Nineteenth century newspapers from Florida are uncommon, particularly rare are those from before the Civil War. Here is such an issue from the capital city of Florida, and from over 13 years before the outbreak of the Civil War. The format is typical of most newspapers of the day, being four pages of folio size with a wealth of news of the day and many advertisements as well. This issue is complete, and in good condition.
Background (Wikipedia): Southerner Whigs looked hopefully to slaveholder and Mexican war hero General Zachary Taylor as the solution to the widening sectional divide even though he took no public stance on the Wilmot Proviso. However Taylor, once nominated and elected, showed that he had his own plans. Taylor hoped to create a new non-partisan coalition that would once again remove slavery from the national stage. He expected to be able to accomplish this by freezing slavery at its 1849 boundaries and by immediately bypassing the territory stage and creating two new states out of the Mexican Cession.[22]

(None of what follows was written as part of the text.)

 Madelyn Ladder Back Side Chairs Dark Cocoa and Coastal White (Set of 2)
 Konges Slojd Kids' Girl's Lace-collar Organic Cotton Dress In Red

The opening salvo in a new level of sectional conflict occurred on December 13, 1848 when John G. Palfrey (W) of Massachusetts introduced a bill to abolish slavery in the District of Columbia. Throughout 1849 in the South "the rhetoric of resistance to the North escalated and spread". The potentially secessionist Nashville Convention was scheduled for June 1850.[23] When President Taylor in his December 1849 message to Congress urged the admission of California as a free state, a state of crisis was further aggravated. Historian Allan Nevins sums up the situation which had been created by the Wilmot Proviso:
“Thus the contest was joined on the central issue which was to dominate all American history for the next dozen years, the disposition of the Territories. Two sets of extremists had arisen: Northerners who demanded no new slave territories under any circumstances, and Southerners who demanded free entry for slavery into all territories, the penalty for denial to be secession. For the time being, moderates who hoped to find a way of compromise and to repress the underlying issue of slavery itself – its toleration or non-toleration by a great free Christian state – were overwhelmingly in the majority. But history showed that in crises of this sort the two sets of extremists were almost certain to grow in power, swallowing up more and more members of the conciliatory center. [24] ”
Combined with other slavery related issues, the Wilmot Proviso led to the Compromise of 1850, which helped buy another shaky decade of peace. Radical secessionists were temporarily at bay as the Nashville Convention failed to endorse secession. Moderates rallied around the Compromise as the final solution to the sectional issues involving slavery and the territories. At the same time, however, the language of the Georgia Platform, widely accepted throughout the South, made it clear that the South’s commitment to Union was not unqualified; they fully expected the North to adhere to their part of the agreement.